**Requirement:**
From the first line of the data down to and including the line with "Winners Only Inc.", copy everything exactly, leaving out pictures.
Raw data START
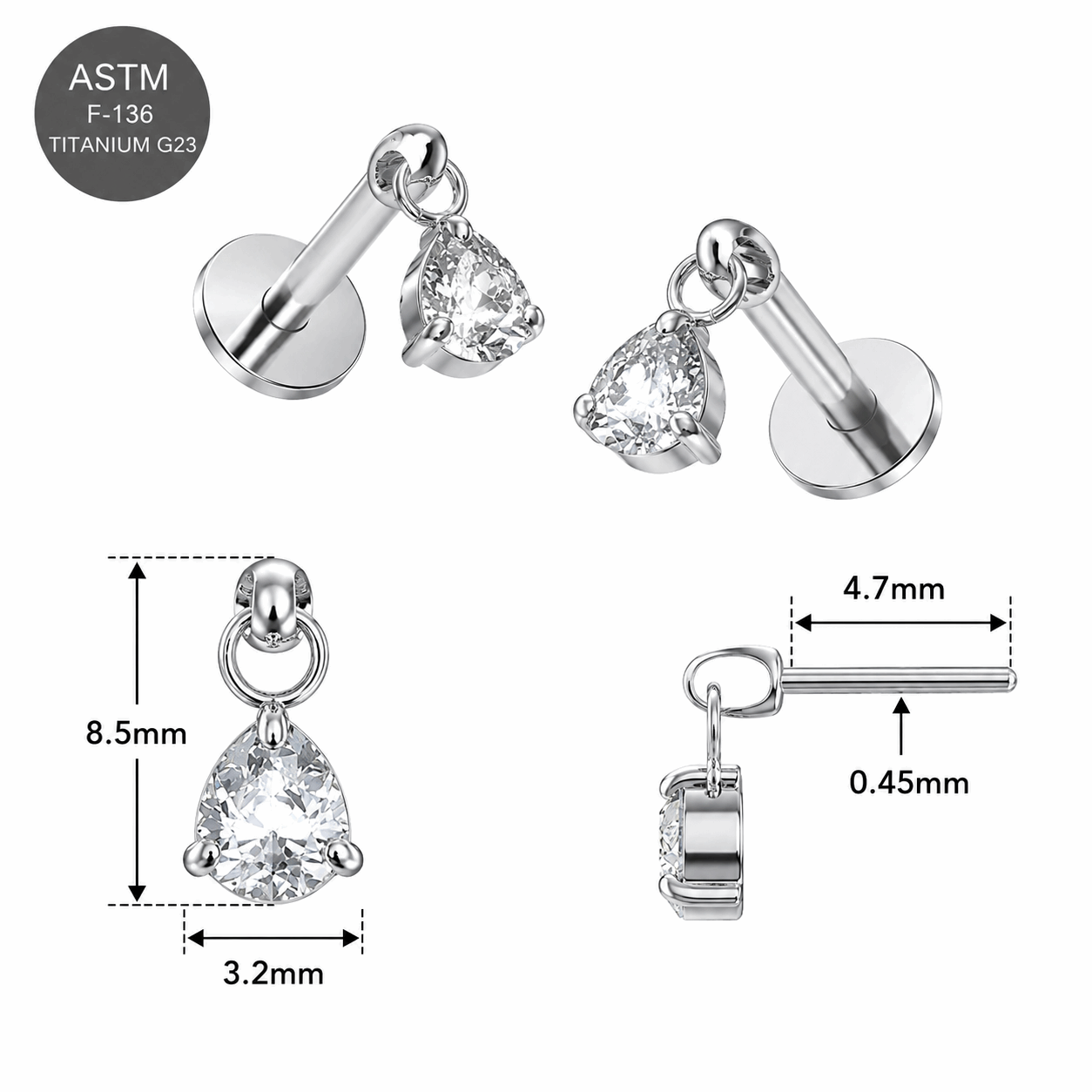 G23 Titanium Dangling Pear Drop Threadless Pin Top – 18G & 16G Compatible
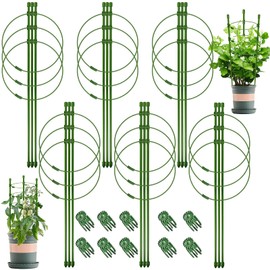 Legigo 6 Packs 18inch Plant Support Cages with 3 Adjustable Support Rings- Small Tomato Cage for Pots Plant Holder for Home Garden Balcony for Orchids, Tomato, Vegetables, Flowers, Climbing Plants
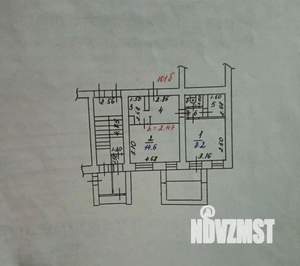 2-к квартира, вторичка, 43м2, 1/5 этаж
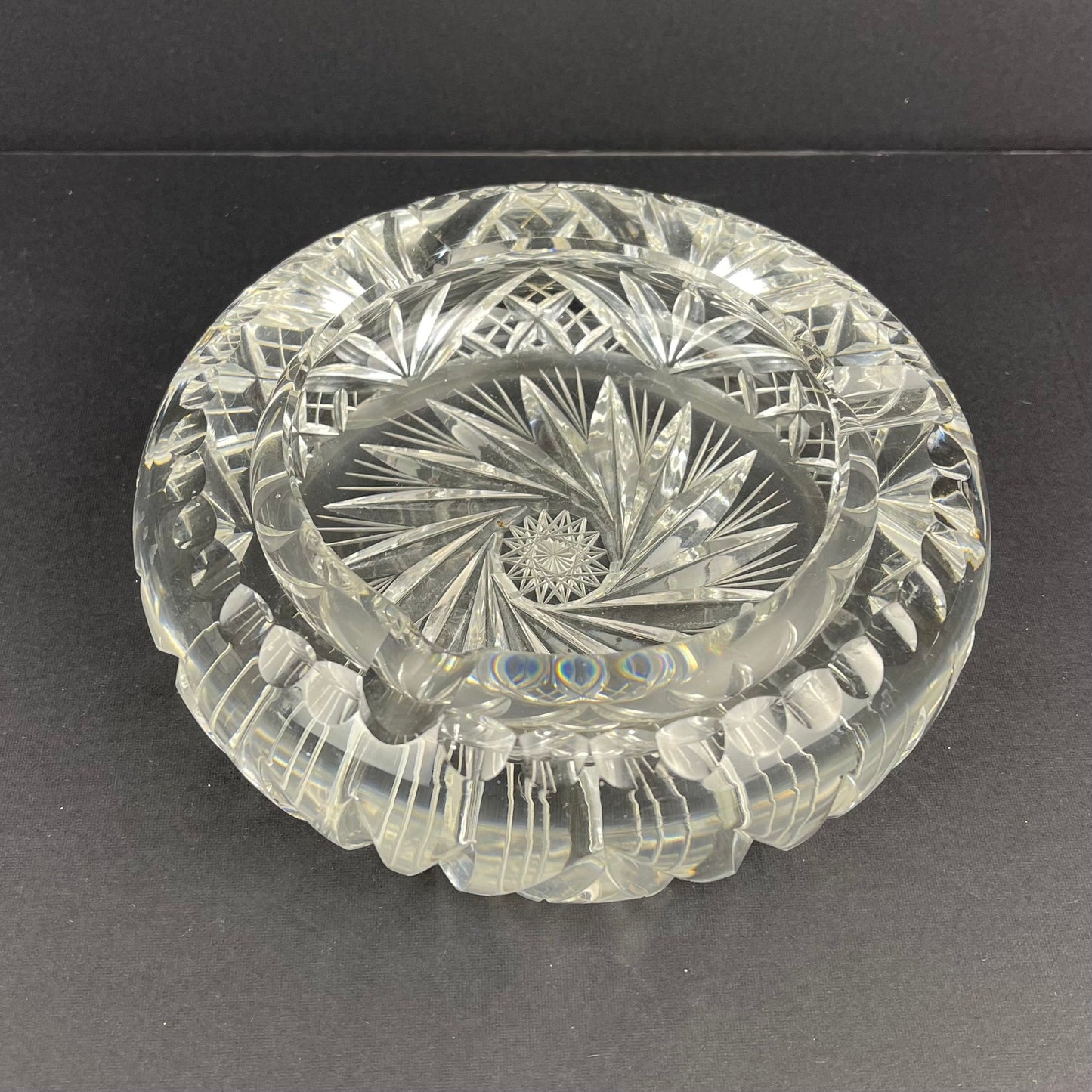 Pinwheel crystal ashtray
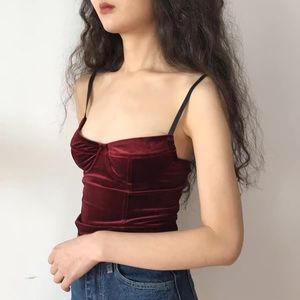 Red velvet bustier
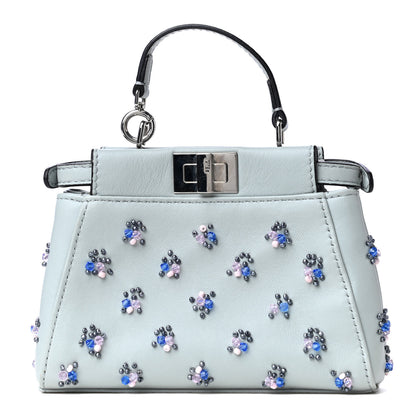 Fendi Goatskin Embellished Micro Peekaboo Iconic Satchel Blue 1 of 5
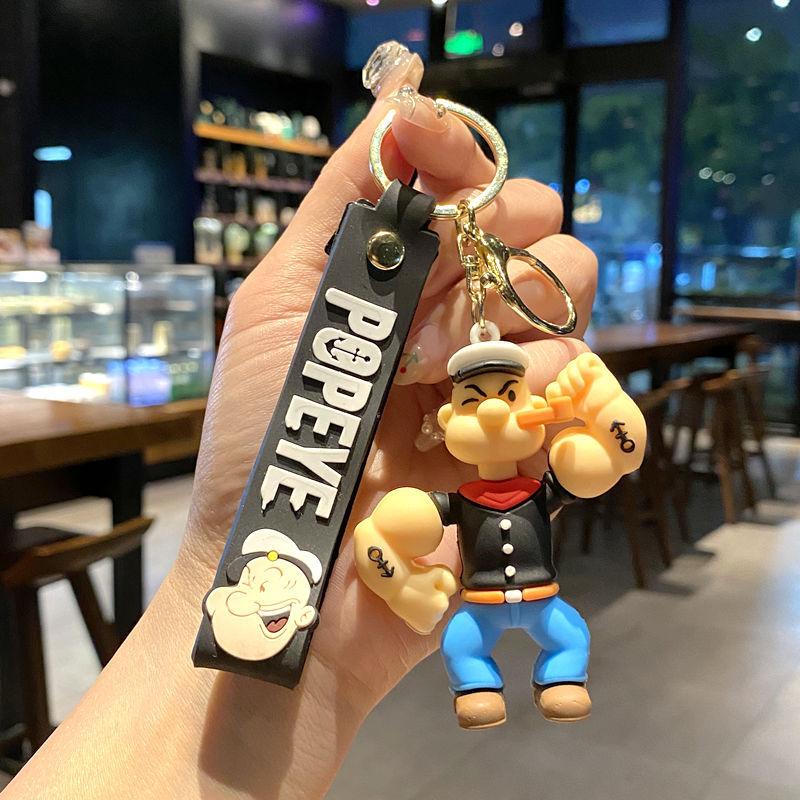 Cartoon Anime Popeye Key Pendant Poppy Poppy Doll Elementary School Bag Pendant Tide Play Keychain large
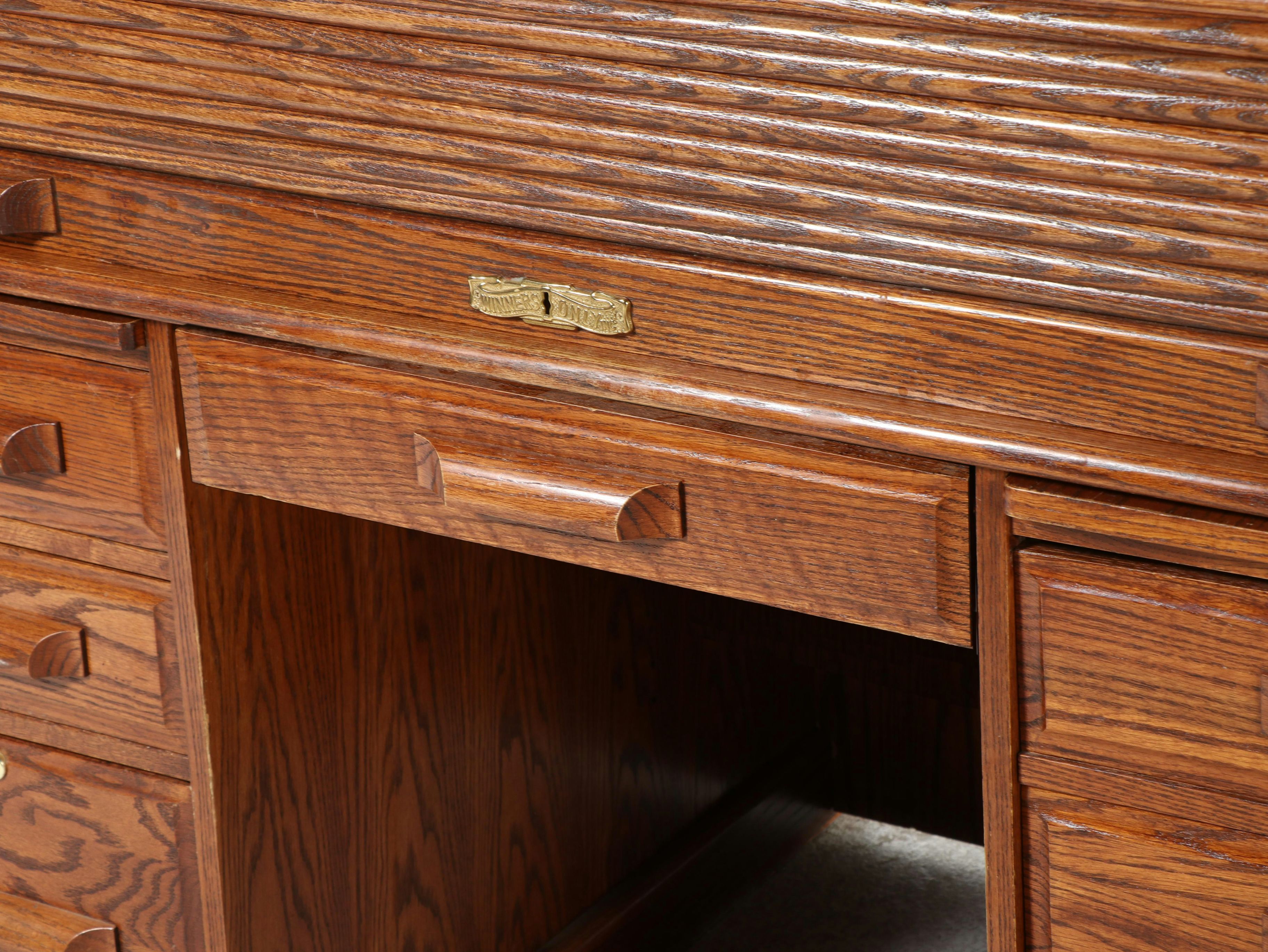 Winners Only Inc. Oak Roll-Top Desk and Chair, Late 20th Century
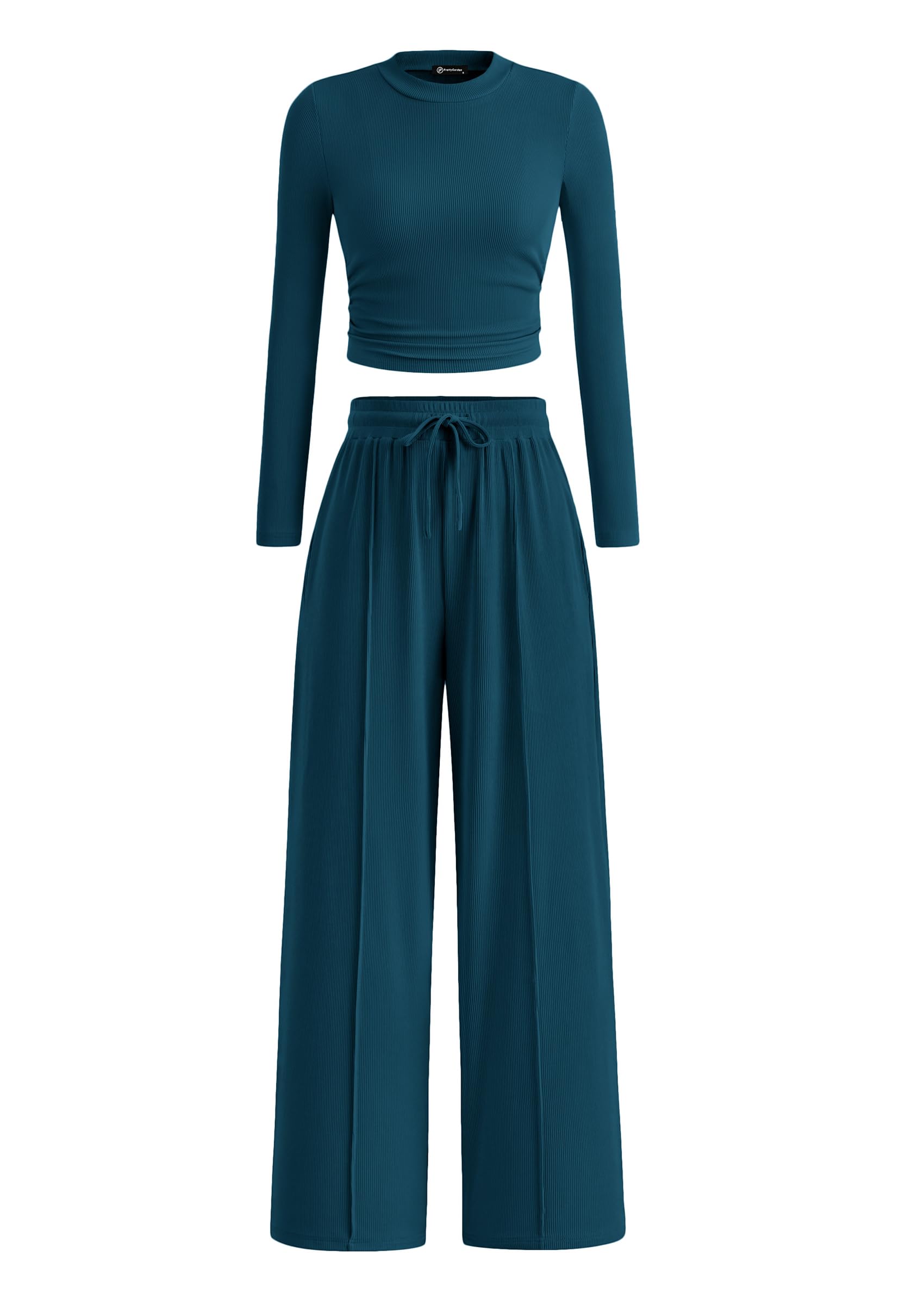 PRETTYGARDEN Women's 2 Piece Loungewear Long Sleeve Crop Top Wide Leg Palazzo Pants Set Tracksuits Casual Outfit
Raw data END
**Exercise answer:**
 G23 Titanium Dangling Pear Drop Threadless Pin Top – 18G & 16G Compatible
 Legigo 6 Packs 18inch Plant Support Cages with 3 Adjustable Support Rings- Small Tomato Cage for Pots Plant Holder for Home Garden Balcony for Orchids, Tomato, Vegetables, Flowers, Climbing Plants
 2-к квартира, вторичка, 43м2, 1/5 этаж
 Pinwheel crystal ashtray
 Red velvet bustier
 Fendi Goatskin Embellished Micro Peekaboo Iconic Satchel Blue 1 of 5
 Cartoon Anime Popeye Key Pendant Poppy Poppy Doll Elementary School Bag Pendant Tide Play Keychain large
 Winners Only Inc. Oak Roll-Top Desk and Chair, Late 20th Century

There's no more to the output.